- _EXERCISE_
Leaving out all pictures, reproduce the entries below exactly, from the first line through the line that contains "Pompe à carburant ACI-AVESA ABG-1057/1".

+ + + + +

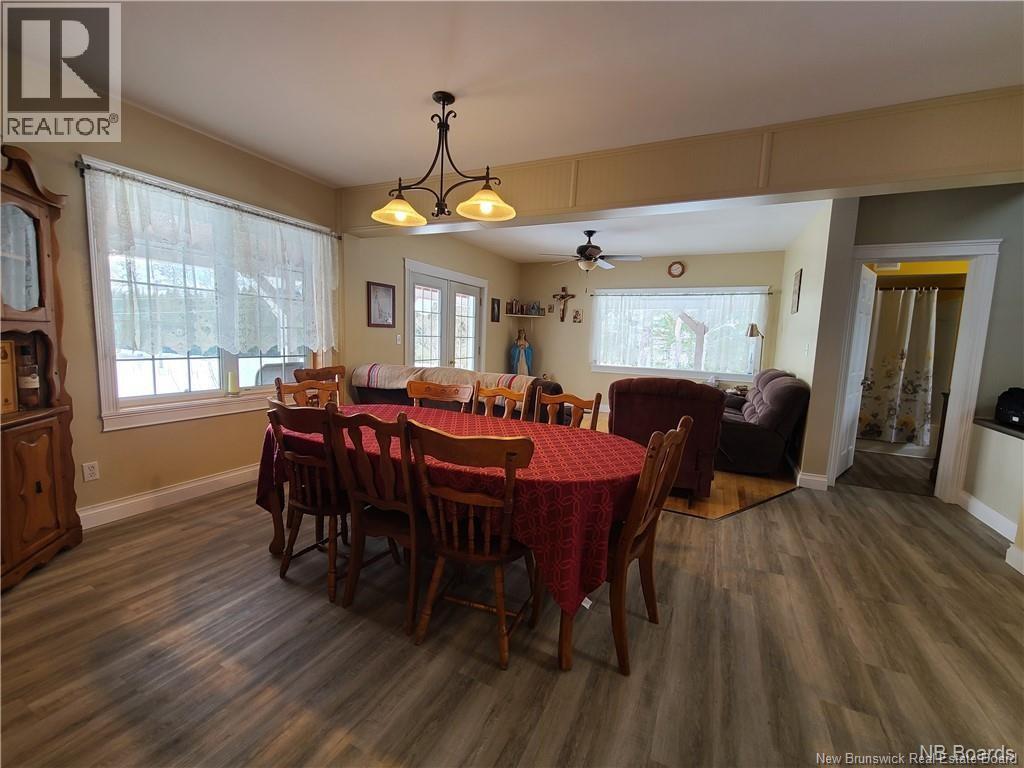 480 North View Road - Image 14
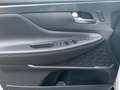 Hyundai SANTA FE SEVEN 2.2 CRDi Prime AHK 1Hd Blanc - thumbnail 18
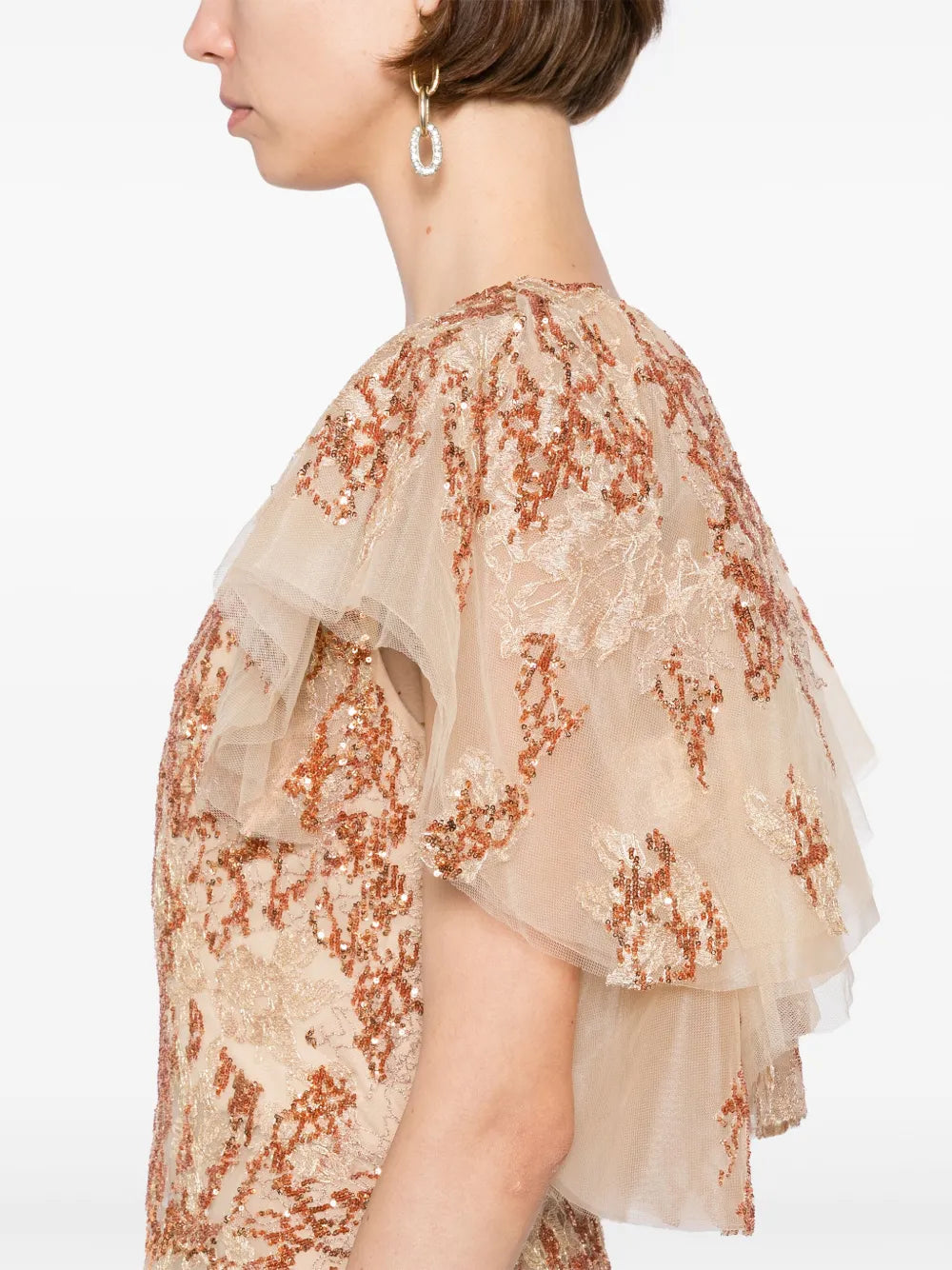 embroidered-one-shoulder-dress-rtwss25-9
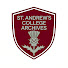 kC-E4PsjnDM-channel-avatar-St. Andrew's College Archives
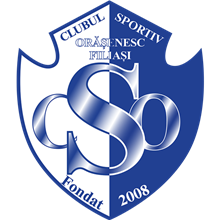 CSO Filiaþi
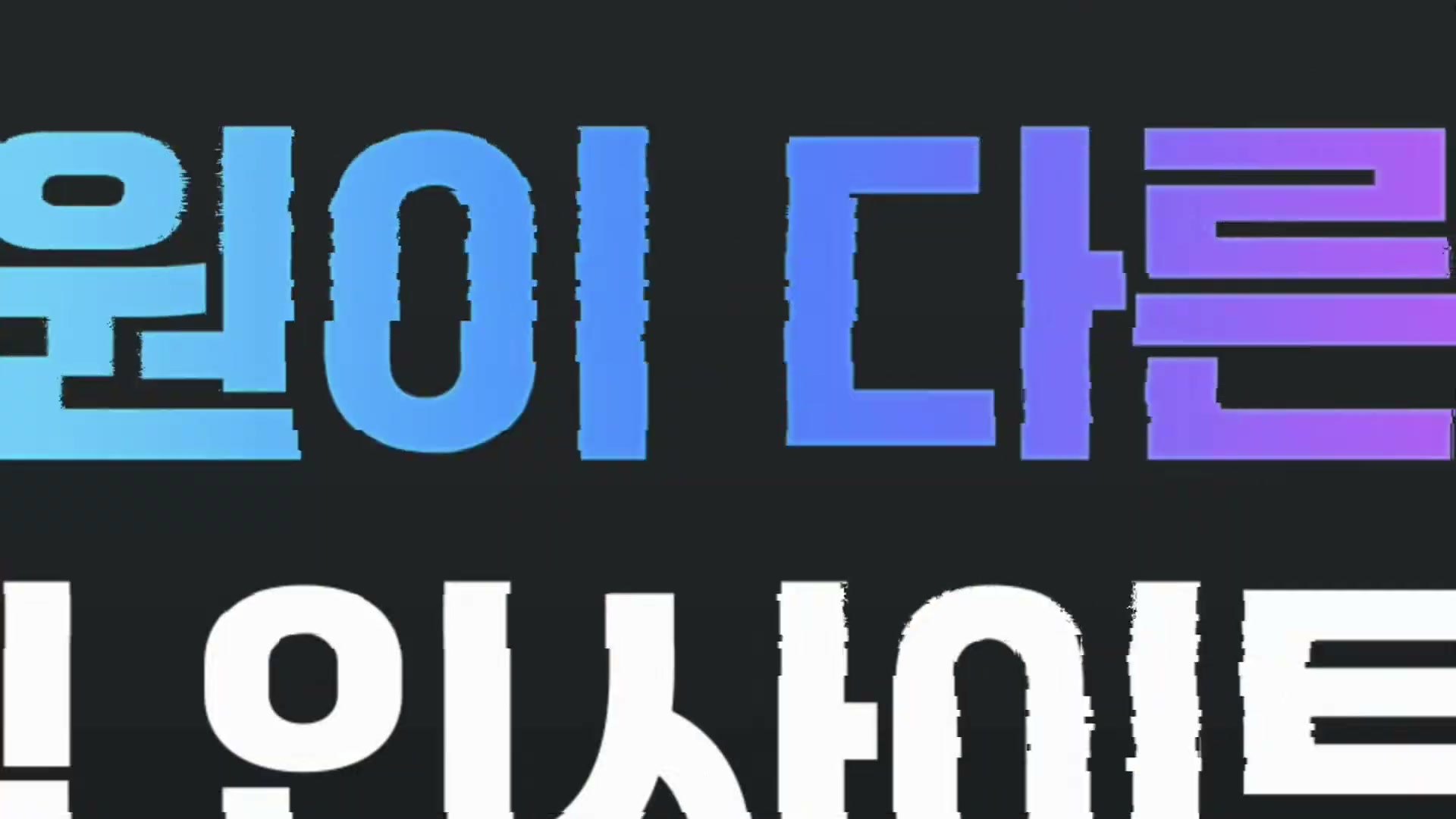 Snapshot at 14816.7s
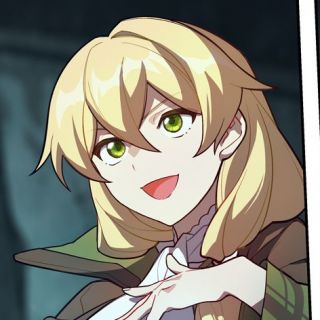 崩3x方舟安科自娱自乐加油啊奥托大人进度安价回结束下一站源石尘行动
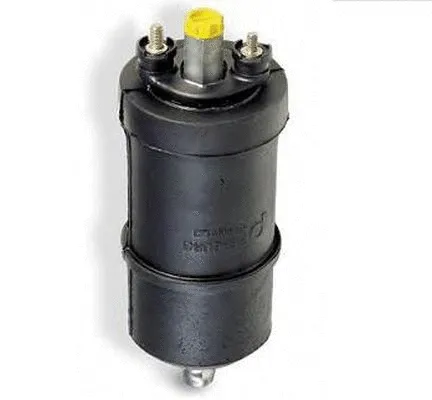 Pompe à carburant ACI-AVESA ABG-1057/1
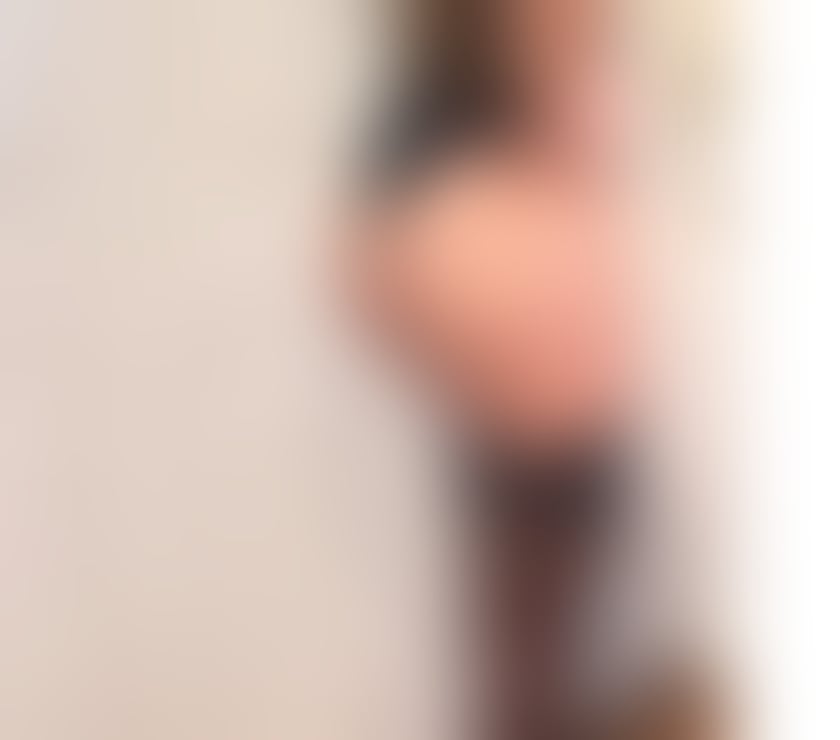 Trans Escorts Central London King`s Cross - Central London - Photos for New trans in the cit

+ + + + +

- _SOLUTION_
 480 North View Road - Image 14
 Hyundai SANTA FE SEVEN 2.2 CRDi Prime AHK 1Hd Blanc - thumbnail 18
 embroidered-one-shoulder-dress-rtwss25-9
 kC-E4PsjnDM-channel-avatar-St. Andrew's College Archives
 CSO Filiaþi
 Snapshot at 14816.7s
 崩3x方舟安科自娱自乐加油啊奥托大人进度安价回结束下一站源石尘行动
 Pompe à carburant ACI-AVESA ABG-1057/1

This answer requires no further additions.